In 2002 after a motorcycle accident badly damaged his left ankle, Gregg from The Rural Economist could not ride his show horses anymore. A neighbor set him up with a percheron mare and forecart. Gregg learned about using heavy draft horses for work on his homestead, and the rest…as they say…is history. He will never go back to light horses again!
In a research paper that he wrote for college he learned the following fact: A regular tractor loses two-thirds of the energy it uses in the form of useless heat; a draft animal returns one-third of the energy it uses in the form of useful fertilizer.” He also knows from experience that -if they are well taken care of- the horses will enjoy working and look forward to putting their neck in the collar.

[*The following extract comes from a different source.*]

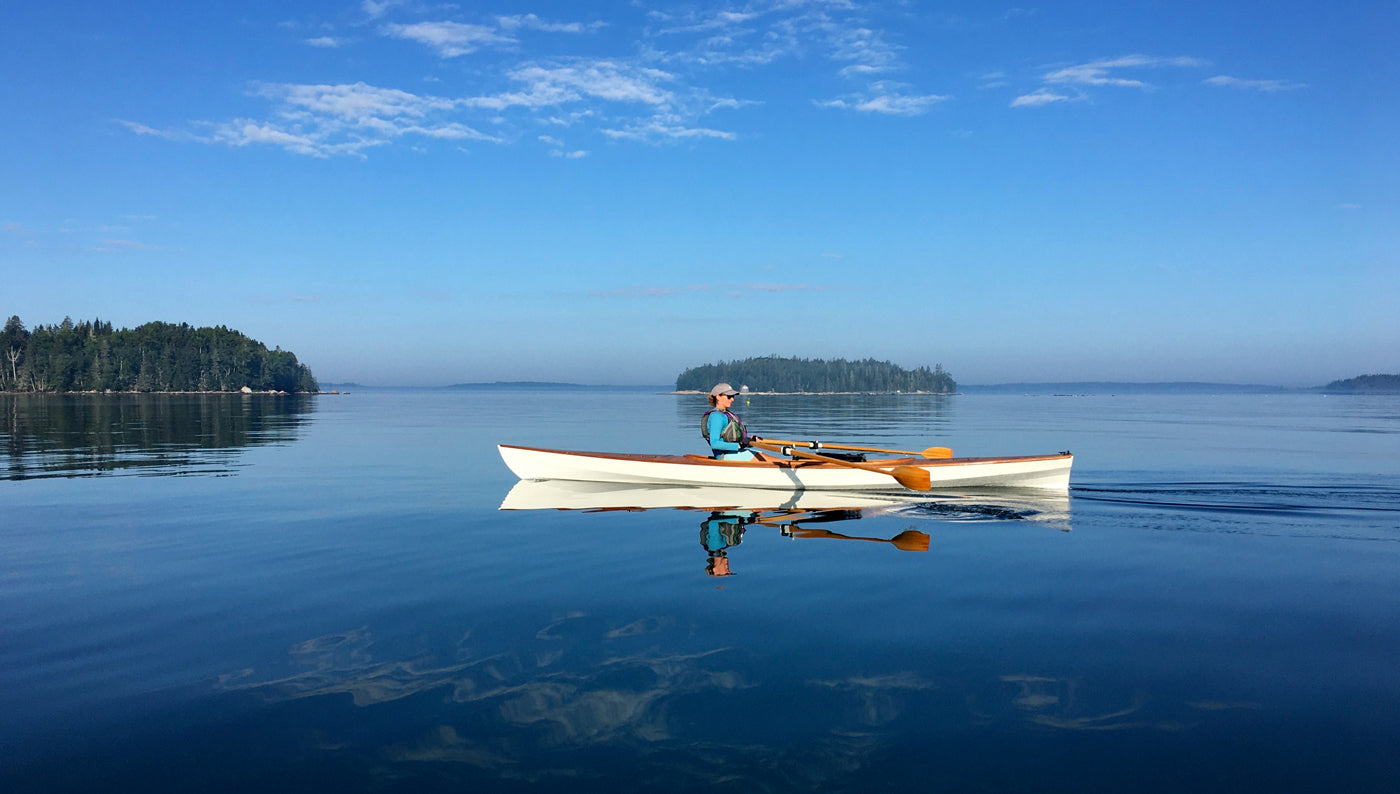 Christine Y. enjoying a quiet row in her Expedition Wherry on a glassy sea in Brooklin, Maine.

Even though Gregg connected with some mentors in his community he found these books to be invaluable: Training Workhorses / Training Teamsters and Work Horse Handbook both are written by Lynn R. Miller
Listen to hear how Gregg used draft horses to pull trees, plow fields, pull a harrow, cut hay, head hay, spread manure, pull a truck out of the mud it was stuck in, and more. He also shares some tips such as:
- Start with a “grade horse” or non-registered horse to save money.
- It’s good to shop around, and drive the animal before you buy plus other things to look for and check when purchasing an animal.
- It’s best to keep them on a daily schedule.
- They can be fed on $1.25 worth of feed per horse per day.
- If you balance out your chores you’ll only have an hour and a half of daily time taking care of the horses.
- How to treat the disease called “scratches” that plagues horses with furry feet.
- How to make sure your 2 horses will pull together.
- Be careful what videos about horses you watch on YouTube. Some are great, and some stink.